Seems like what we want.

Blueprint

We have almost always the same skeleton. Start with an empty data structure that will eventually be our final answer (in the example case, an array); an empty data structure that will be our current iteration (in the example case, a string). We call a helper function with both items, an input (in the example case, the number of parentheses n), maybe a few extras depending on the problem. On the helper function, we have a constraint. When CURRENT meets constraint, it gets added to FINAL. If it’s not there yet, it calls itself again with every combination possible. Back to the main function, you return the final output.

If you are anything like me a few years ago, the solution below will blow your mind.

The Solution

def generateParenthesis(n):
    output = [] #our final data structure
    #input n, current string, final output, open and right parentheses count
    backtrack(n, "", output, 0, 0)
    return output

def backtrack(num, current, output, left, right):
    #our constraint. when n=3, every string will have 6 parentheses.
    if len(current) == 2*num:
	output.append(current) #so we append it.
	return output #and return it.

    #else we go to our recursive calls
    #left always comes first cause it's an open parentheses
    #so we update our current string with "("
    if left < num:
	backtrack(num, current+"(", output, left+1, right)
    #and right comes after left. so we update our current with ")"
    if right < left:
	backtrack(num, current+")", output, left, right+1)

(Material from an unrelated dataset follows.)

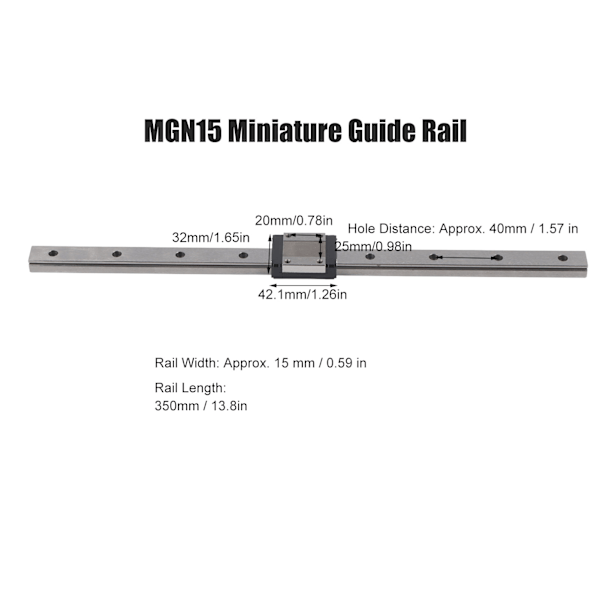 MGN15 Lineær Guide Kerne Industrielt Automatisering Udstyr Lineær Bevægelse Glidebaner 350mm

If your mind hasn’t been blown yet, let’s try and analyze what happens here. Let’s go with n = 2 for the sake of simplicity.

Call 0: backtrack function is called with num=2, current=“”, output = [], left = 0, right = 0. Is len(current) = 2*num? No, it’s 0, not 4, so we keep going. Is left less than 2? Yes, 0 < 3, so we go to our next call and this current call is now at the bottom of the stack.

Call 1: backtrack function is called with num=2, current=“(”, output=[], left=1, right = 0. len(current) < 4, but again left<num. 1 to the stack, new function called.

Call 2: backtrack function is called with num=2, current=“((”, output=[], left=2, right=0. len(current) still < 4, but this time left isn’t less than 2. Is right < left? Yes. New call.

Call 3: backtrack called with num=2, current=“(()”, output=[], left=2, right=1. len(current) < 4, left = num, right < left. New call.

Call 4: backtrack called with num=2, current=“(())”, output=[], left=2, right=2. len(current) is 4, so we append it to the output and return. Back to call 3, which now ended, so back to call 2, which also ended, so back to call 1. Call 1: backtrack function had num=2, current=“(”, output=[“(())”] (now updated), left=1, right=0. First condition already called, now to the second, which is true, right is less than left, so we now call again backtrack but with “()” as current.

You can certainly see where this is going, so I’ll stop.

Our time complexity here is O(4n/sqrt(n)) because each valid sequence has at most n steps during the backtracking procedure. Space is also O(4n/sqrt(n)) because of the stack.

Final thoughts

Maybe I just feel nostalgic because it’s the first “hard” algorithm I learned, but I just love backtracking. A few good problems to solve using the same principles are: Combination Sum, Find All Permutations, Letter Combinations of a Phone Number, and Find All Subsets.